Akemashite Omedeto Gozaimasu, Happy New Year!

Category: Hiroko's Blog

This is what you enjoy in Japan when you wake up on January 1st and for the following two days. This is Osechi ryori, the New Year’s feast that has been diligently prepared during the final week of December. The photos shown here are dishes that were prepared by my sister, Keiko Arakawa in Tokyo, Japan.
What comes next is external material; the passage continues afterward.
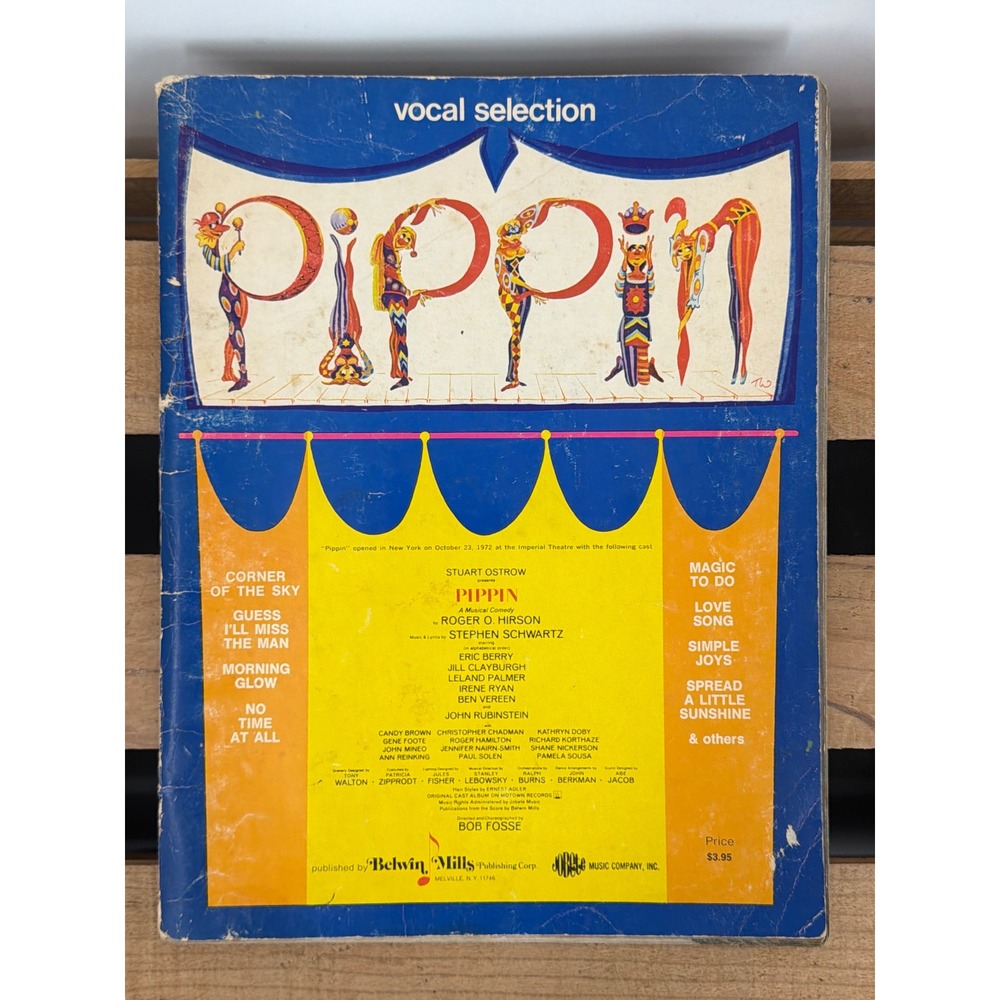 Vintage 1972 Pippin Vocal Selection Songbook Stephen Schwartz Bob Fosse Broadway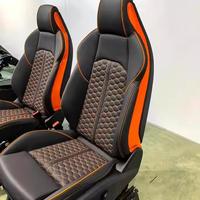 Siège de voiture sport de haute qualité en cuir noir avec revêtement PVC, design de course simulé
Each food item in its own compartment in a beautiful lacquerware box has its own reason to appear in the New Year’s meal. Take a look at some of these examples! Kazunoko (herring roe) – salt-cured herring roe consists of hundreds of tiny eggs stuck together in one firm, long piece, covered with a very thin membrane. The size of herring roe is about 4 inches long. It is golden yellow in color and creates sharp noisy crunchiness in the mouth. The large number of tiny eggs symbolizes “family prosperity”. The birth rate in Japan is sharply decreasing. We better to eat more herring roe…Tazukuri (baby sardine) - Looking at these small fish on the plate, tiny, glittering, with black eyes staring at you, you may feel a bit threatened. Well, for us, these fish bring good luck and are an excellent source of calcium as well. Osechi ryori was once prepared at each home using the help of all female members of the family including grand-ma and daughters. Today as the number of multi-generational families is much reduced, the preparation of Osechi ryori, which requires considerable labor, time and money, is being shunned. Now famous restaurants cater their Osechi ryori to large department stores for devoted customers (prices can go up to $3,000) and many food companies sell reasonably priced, pre-made and pre-packed varieties at local supermarkets. No matter how you start the New Year with or without Osechi ryori I wish you a happy healthy 2009!